● **Extracted information**
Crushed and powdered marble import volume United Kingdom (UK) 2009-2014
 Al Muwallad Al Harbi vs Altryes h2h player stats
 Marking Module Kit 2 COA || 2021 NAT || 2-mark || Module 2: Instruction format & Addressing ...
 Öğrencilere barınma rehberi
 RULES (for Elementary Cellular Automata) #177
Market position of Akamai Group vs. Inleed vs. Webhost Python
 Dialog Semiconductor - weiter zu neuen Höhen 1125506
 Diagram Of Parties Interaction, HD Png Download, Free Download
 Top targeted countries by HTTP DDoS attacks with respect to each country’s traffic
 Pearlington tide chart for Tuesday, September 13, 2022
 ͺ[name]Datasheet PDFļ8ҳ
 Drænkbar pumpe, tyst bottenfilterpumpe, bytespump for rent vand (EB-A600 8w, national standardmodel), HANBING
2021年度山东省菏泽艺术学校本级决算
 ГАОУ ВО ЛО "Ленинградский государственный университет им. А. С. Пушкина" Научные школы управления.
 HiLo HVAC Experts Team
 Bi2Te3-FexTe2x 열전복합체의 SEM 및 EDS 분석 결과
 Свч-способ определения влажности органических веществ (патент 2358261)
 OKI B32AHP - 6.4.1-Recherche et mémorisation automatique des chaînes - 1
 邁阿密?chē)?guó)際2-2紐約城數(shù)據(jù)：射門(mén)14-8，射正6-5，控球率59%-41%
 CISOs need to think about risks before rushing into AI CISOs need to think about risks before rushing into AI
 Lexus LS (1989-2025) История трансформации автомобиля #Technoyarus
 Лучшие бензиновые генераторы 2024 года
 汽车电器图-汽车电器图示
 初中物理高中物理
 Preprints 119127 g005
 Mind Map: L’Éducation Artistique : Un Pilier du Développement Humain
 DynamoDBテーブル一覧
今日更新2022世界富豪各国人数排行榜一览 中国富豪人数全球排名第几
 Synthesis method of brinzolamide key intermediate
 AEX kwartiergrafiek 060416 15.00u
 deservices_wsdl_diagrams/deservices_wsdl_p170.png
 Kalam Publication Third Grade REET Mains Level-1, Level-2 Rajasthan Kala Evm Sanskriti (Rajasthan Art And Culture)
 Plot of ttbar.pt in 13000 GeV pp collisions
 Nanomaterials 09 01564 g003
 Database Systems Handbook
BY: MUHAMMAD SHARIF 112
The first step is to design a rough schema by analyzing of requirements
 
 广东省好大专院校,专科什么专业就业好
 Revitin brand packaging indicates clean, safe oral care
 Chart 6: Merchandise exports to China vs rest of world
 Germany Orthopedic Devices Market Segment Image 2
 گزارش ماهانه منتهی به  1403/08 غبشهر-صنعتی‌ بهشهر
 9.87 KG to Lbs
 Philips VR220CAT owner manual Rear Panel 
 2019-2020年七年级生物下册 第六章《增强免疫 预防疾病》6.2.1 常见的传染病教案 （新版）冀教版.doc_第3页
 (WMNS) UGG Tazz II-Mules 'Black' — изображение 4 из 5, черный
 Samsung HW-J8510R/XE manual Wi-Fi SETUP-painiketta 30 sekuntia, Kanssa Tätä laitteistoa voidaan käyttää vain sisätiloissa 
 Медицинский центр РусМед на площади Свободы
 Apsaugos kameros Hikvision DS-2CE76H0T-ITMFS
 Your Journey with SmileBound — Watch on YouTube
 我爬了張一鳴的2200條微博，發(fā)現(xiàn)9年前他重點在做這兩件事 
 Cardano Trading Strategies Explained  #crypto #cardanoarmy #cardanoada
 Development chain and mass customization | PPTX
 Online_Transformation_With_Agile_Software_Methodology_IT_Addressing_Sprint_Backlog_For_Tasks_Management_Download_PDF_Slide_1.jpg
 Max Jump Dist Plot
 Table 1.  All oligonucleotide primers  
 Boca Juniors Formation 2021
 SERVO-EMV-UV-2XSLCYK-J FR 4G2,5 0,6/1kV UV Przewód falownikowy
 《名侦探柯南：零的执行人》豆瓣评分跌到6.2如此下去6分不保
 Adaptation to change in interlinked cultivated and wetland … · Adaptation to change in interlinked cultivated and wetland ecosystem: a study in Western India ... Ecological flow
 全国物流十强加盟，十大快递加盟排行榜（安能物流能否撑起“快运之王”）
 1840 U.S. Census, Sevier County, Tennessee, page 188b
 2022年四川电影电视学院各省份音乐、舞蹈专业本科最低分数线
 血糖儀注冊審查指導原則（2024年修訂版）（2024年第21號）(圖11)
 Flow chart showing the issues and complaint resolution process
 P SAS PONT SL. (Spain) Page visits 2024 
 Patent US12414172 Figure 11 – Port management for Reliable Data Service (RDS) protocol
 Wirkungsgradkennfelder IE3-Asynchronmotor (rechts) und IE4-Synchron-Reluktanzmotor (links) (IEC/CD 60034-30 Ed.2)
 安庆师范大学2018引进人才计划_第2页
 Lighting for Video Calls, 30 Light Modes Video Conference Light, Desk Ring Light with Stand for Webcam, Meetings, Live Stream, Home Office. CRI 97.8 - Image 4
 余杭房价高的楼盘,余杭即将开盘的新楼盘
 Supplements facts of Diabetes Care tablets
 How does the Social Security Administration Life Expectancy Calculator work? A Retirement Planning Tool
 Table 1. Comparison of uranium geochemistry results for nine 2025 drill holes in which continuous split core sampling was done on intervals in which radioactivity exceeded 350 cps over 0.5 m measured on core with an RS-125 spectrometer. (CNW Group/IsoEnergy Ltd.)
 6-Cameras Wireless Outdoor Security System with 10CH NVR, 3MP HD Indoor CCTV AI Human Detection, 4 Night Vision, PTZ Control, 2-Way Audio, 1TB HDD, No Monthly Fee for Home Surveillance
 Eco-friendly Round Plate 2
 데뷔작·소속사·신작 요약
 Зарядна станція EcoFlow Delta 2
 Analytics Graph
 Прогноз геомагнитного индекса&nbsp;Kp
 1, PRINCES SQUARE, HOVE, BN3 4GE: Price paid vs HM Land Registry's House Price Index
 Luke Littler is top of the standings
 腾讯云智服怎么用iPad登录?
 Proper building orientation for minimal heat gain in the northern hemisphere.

● **What you are asked to do**
Using the material above, quote the first line and each line after it, stopping at and including the line that holds "AEX kwartiergrafiek 060416 15.00u".

● **Answer to the exercise**
Crushed and powdered marble import volume United Kingdom (UK) 2009-2014
 Al Muwallad Al Harbi vs Altryes h2h player stats
 Marking Module Kit 2 COA || 2021 NAT || 2-mark || Module 2: Instruction format & Addressing ...
 Öğrencilere barınma rehberi
 RULES (for Elementary Cellular Automata) #177
Market position of Akamai Group vs. Inleed vs. Webhost Python
 Dialog Semiconductor - weiter zu neuen Höhen 1125506
 Diagram Of Parties Interaction, HD Png Download, Free Download
 Top targeted countries by HTTP DDoS attacks with respect to each country’s traffic
 Pearlington tide chart for Tuesday, September 13, 2022
 ͺ[name]Datasheet PDFļ8ҳ
 Drænkbar pumpe, tyst bottenfilterpumpe, bytespump for rent vand (EB-A600 8w, national standardmodel), HANBING
2021年度山东省菏泽艺术学校本级决算
 ГАОУ ВО ЛО "Ленинградский государственный университет им. А. С. Пушкина" Научные школы управления.
 HiLo HVAC Experts Team
 Bi2Te3-FexTe2x 열전복합체의 SEM 및 EDS 분석 결과
 Свч-способ определения влажности органических веществ (патент 2358261)
 OKI B32AHP - 6.4.1-Recherche et mémorisation automatique des chaînes - 1
 邁阿密?chē)?guó)際2-2紐約城數(shù)據(jù)：射門(mén)14-8，射正6-5，控球率59%-41%
 CISOs need to think about risks before rushing into AI CISOs need to think about risks before rushing into AI
 Lexus LS (1989-2025) История трансформации автомобиля #Technoyarus
 Лучшие бензиновые генераторы 2024 года
 汽车电器图-汽车电器图示
 初中物理高中物理
 Preprints 119127 g005
 Mind Map: L’Éducation Artistique : Un Pilier du Développement Humain
 DynamoDBテーブル一覧
今日更新2022世界富豪各国人数排行榜一览 中国富豪人数全球排名第几
 Synthesis method of brinzolamide key intermediate
 AEX kwartiergrafiek 060416 15.00u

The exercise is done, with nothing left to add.